Это тем более уместно, что и по сегодня основой понимания экономических явлений общества является довольно поверхностный и в конце концов просто ошибочный экскурс в прошлое, проведенный в свое время А. Смитом:
„В обществе первобытном и мало развитом… соотношение между количествами труда, необходимыми для приобретения разных предметов, было, повидимому8, единственным основанием, которое могло служить руководством для обмена их друг на друга. Так, например, если у охотничьего народа обычно приходится затратить вдвое больше труда для того, чтобы убить бобра, чем на то, чтобы убить оленя, один бобр будет, естественно, обмениваться на двух оленей, или будет иметь стоимость двух оленей.“ (А. Смит. Исследование о природе и причинах богатства народов, с. 50.)

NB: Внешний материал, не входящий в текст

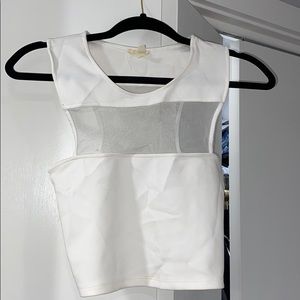 UO White Mesh Crop Top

Пример этот вызывает целый ряд принципиальных возражений.
Во-первых, само существование где-либо и когда-либо „охотничьего народа“ с более или менее сформированными меновыми отношениями представляется крайне сомнительным, во всяком случае, убедительных доказательств этого, насколько мне известно, не существует и до сих пор.

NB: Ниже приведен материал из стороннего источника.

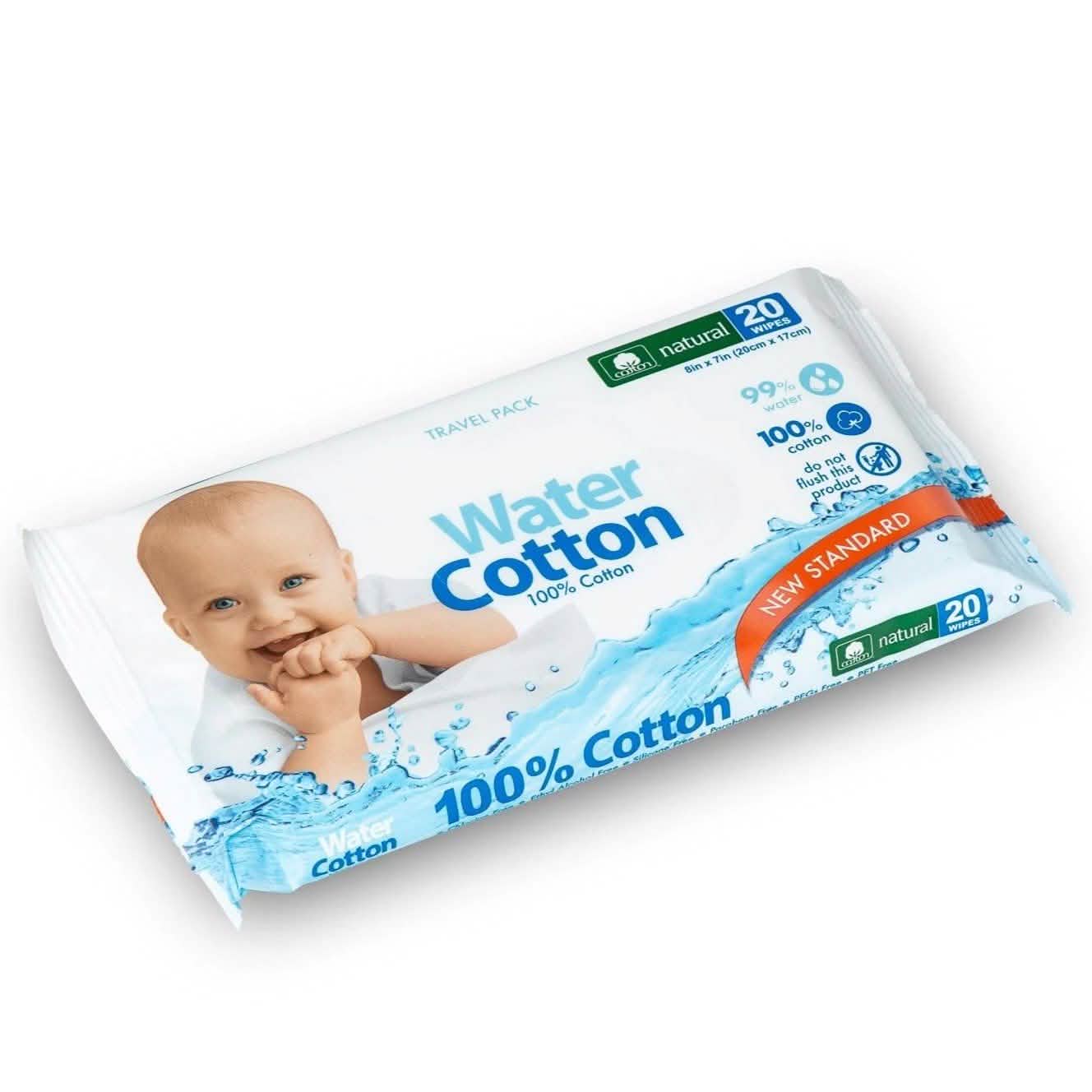 100% Organic Cotton Wet Wipes - Travel Pack 20CT Wellness & Fitness - DailySale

Во-вторых, даже если предположить такое существование, где среди охотников такого „охотничьего народа“ найти охотника, способного добыть оленя и не способного добыть бобра? Это просто невозможно, у таких народов такому охотнику просто нет места (он погибнет раньше, чем доживет до такого состояния). А. Смит вследствие неосознаваемого этноцентризма приписывает гипотетическим „охотникам“ современную ему развитую дифференциацию и специализацию буржуазного общества.
В-третьих, если даже предположить, что такого „охотника“ удалось отыскать и что ему действительно хочется обменять оленей на бобров, где ему найти желающего совершить встречный обмен? Ведь в приведенном примере предполагается, что умеющему добыть бобра не представляет никакой проблемы добыть и оленя.
В-четвертых, случай, когда кто-то из сородичей сжалится над неумелым или немощным и согласится на такой обмен, никак не может рассматриваться как объект сколь-нибудь серьезного экономического исследования. Благотворительность к экономически обоснованному обмену имеет не большее отношение, чем известная бузина в огороде к не менее известному киевскому дядьке9.